CSE461 Project 0: Network Programming / UDP

Out: Monday April 1, 2019
Due: Friday April 12, 2019 by 11:59pm.
Teams: Required: pairs

Project Goals

Project 0 asks you to implement what might be described as a client-server data transfer application. We don't actually need dozens of implementations of data transfer, though, so the real point is the experience of implementing communication protocols. While you won't directly re-use your Project 0 code in later projects, you will have to implement very similar functionality in all of them. This is a chance to explore implementation approaches, because your choice could have a big effect on how much time those later projects will take.

The operation of communication protocols always involves asynchrony, which can be an implementation challenge. Project 0 gives you experience implementing protocols using two approaches:

To achieve the goals of this project, you must work in pairs. That is, there are two different developers involved. Project 0 has distinct client and server sides, so there are two distinct pieces of code involved in a full solution. We take advantage of that by dividing the work in this way:

 ClientServer
Thread-basedPartner APartner B
Not thread-basedPartner BPartner A

This schedule allows you to (a) experience both implementation approaches, (b) make progress independently of your partner (since your own client and your server should interoperate, even if implemented in different languages), and (c) experience having your code interoperate with code written by someone else. When you're done, all four combinations of client and server choices should work together.

P0P Messages

P0P, the Project 0 Protocol, defines what messages are sent between the client and server, and how they are encoded. (There is a mail protocol, POP, with a similar-looking name, but the two have nothing to do with each other.) P0P is designed to support the Project 0 application. The Project 0 application transfers lines of input from the client's stdin to the server, which then prints them on its stdout.

Protocol Headers
P0P is much more realistic than the protocols shown in sections and class, in large part because it defines a message as a header plus data (rather than just data). Without a header, you can have only one kind of message, and so can't do simple things you almost certainly need to do, even if you don't realize it yet. (One example is returning an error indication, for instance, even though we don't do that in this project.) Protocols you design should always include headers in message encodings.

Protocol Sessions
P0P supports the notion of a session. A session is a related sequence of messages coming from a single client. Sessions allow the server to maintain state about each individual client. For instance, the server could, in theory, print out how many messages it has received in each session, for instance, or it could maintain a shopping cart for each session. (We don't actually implement either of those.)

Unlike TCP (which has "connections"), UDP doesn't have any notion related to sessions, so we build them as part of our protocol.

Protocol Messages and Format
P0P defines four message types: HELLO, DATA, ALIVE, and GOODBYE. All message encodings include a header. The header is filled with binary values. The header bytes are the initial bytes of the message. They look like this, with fields sent in order from left to right:
magicversioncommandsequence numbersession id
16 bits8 bits8 bits32 bits32 bits

Multi-byte values are sent big-endian (which is often called "network byte order").

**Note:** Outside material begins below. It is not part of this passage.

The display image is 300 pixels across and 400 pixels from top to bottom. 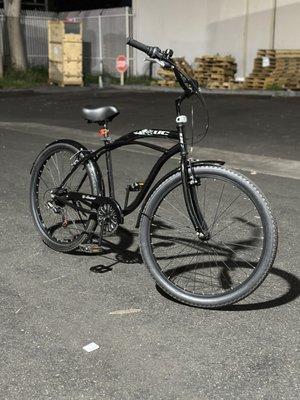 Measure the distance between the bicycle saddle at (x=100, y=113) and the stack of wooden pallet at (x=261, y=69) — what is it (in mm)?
14967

In DATA messages, the header is followed by arbitrary data; the other messages do not have any data. The receiver can determine the amount of data that was sent by subtracting the known header length from the length of the UDP packet, something the language/package you use will provide some way of obtaining.

Only one P0P message may be sent in a single UDP packet, and all P0P messages must fit in a single UDP packet. P0P itself does not define either maximum or minimum DATA payload sizes. It expects that all reasonable implementations will accept data payloads that are considerably larger than a typical single line of typed input.

P0P Message Processing

Server

The server sits waiting for input from the network or from stdin. Execution of the server ends when either end of file is detected on stdin or the input line is "q". When the server quits, it sends GOODBYE messages to all sessions (described shortly) thought to be currently active.

When a new packet arrives, the magic number and version are checked. The packet is silently discarded unless those fields match the expected values.

Next, the server examines the session id field. If a session with that id has already been established, it hands the packet to that session. Otherwise, it creates a new session and hands the packet to it.

Server Session

Server sessions operate according to the following FSA diagram:

Here transition labels are of the form event / action(s), meaning "when an event of the specified type occurs while in the source state, take the actions specified and transition to the destination state." For instance, the transition HELLO / HELLO; Set timer means that when a HELLO message arrives, reply with a HELLO message and also set a timer that will raise an event at some later time (unless it is canceled), and then transition to state Receive.

Sessions are created (by the server) after receiving a message with a new session id. The newly created session checks that this initial message is a HELLO, and terminates if not. Because the client may never send a GOODBYE, sessions garbage collect themselves by setting an inactivity timer. If no message is received from the client for too long, a GOODBYE is sent and the session terminates.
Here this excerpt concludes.